- [DATA SEGMENT]:
++++++++++

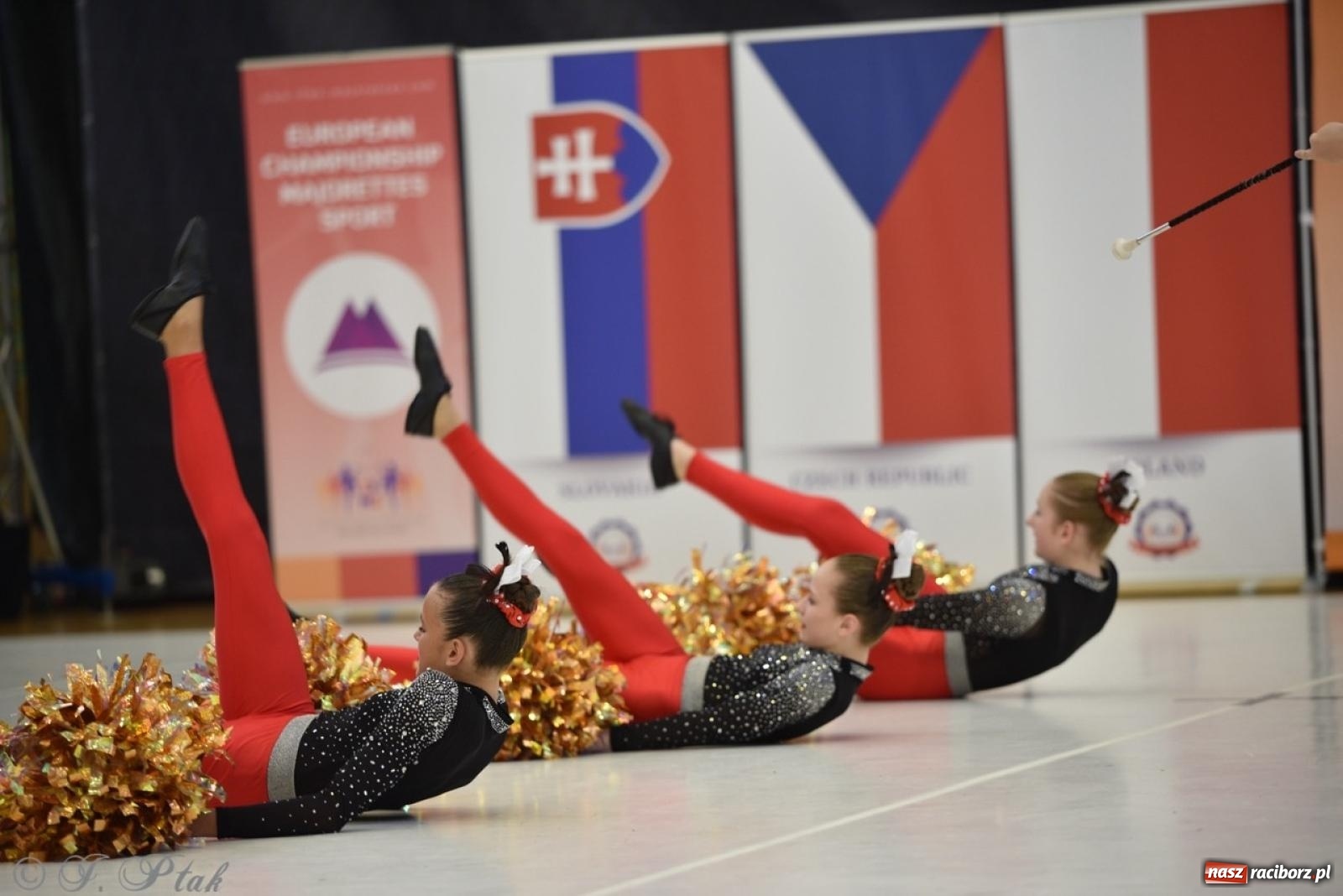 Zdjęcie w galerii na portalu naszraciborz.pl: Racibórz gospodarzem 17. Mistrzostw Europy Mażoretek [FOTO] wiadomości z regionu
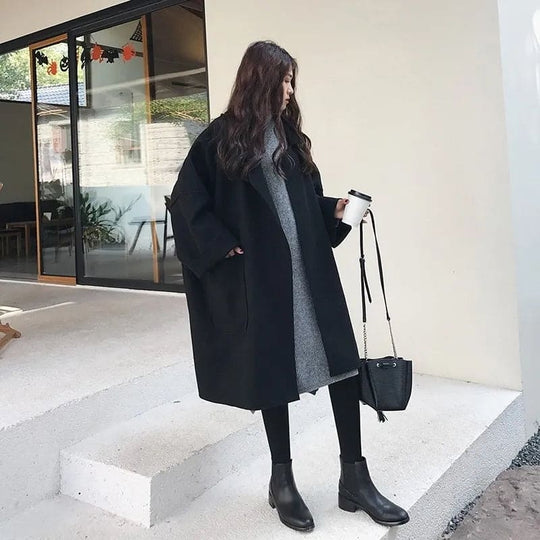 Trench-coat Oversize pour Femme Chic 4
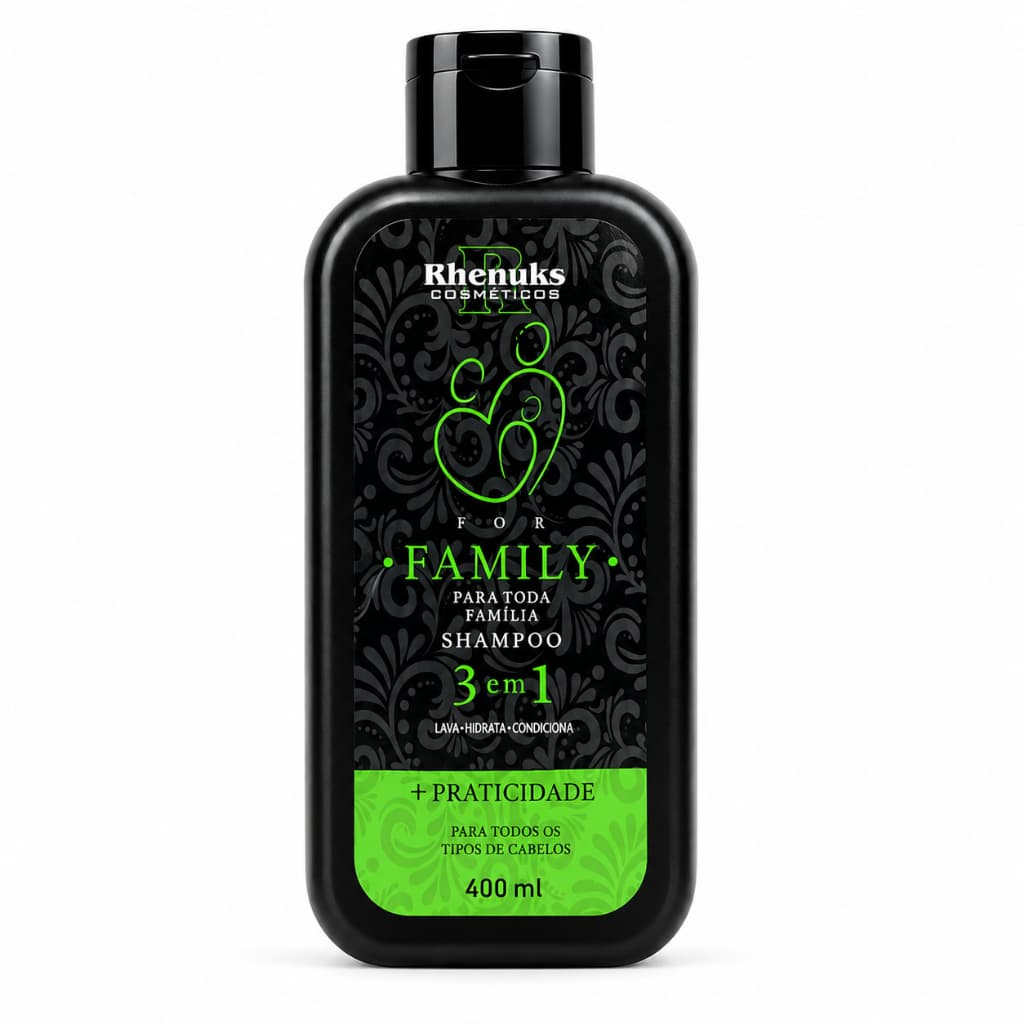 Shampoo For Family 3 em 1 Lava, Hidrata e Condiciona 400ml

++++++++++

- [AIM OF THE EXERCISE]: Without the pictures, print the whole listing exactly as given.

- [EXPECTED OUTPUT]:
 Zdjęcie w galerii na portalu naszraciborz.pl: Racibórz gospodarzem 17. Mistrzostw Europy Mażoretek [FOTO] wiadomości z regionu
 Trench-coat Oversize pour Femme Chic 4
 Shampoo For Family 3 em 1 Lava, Hidrata e Condiciona 400ml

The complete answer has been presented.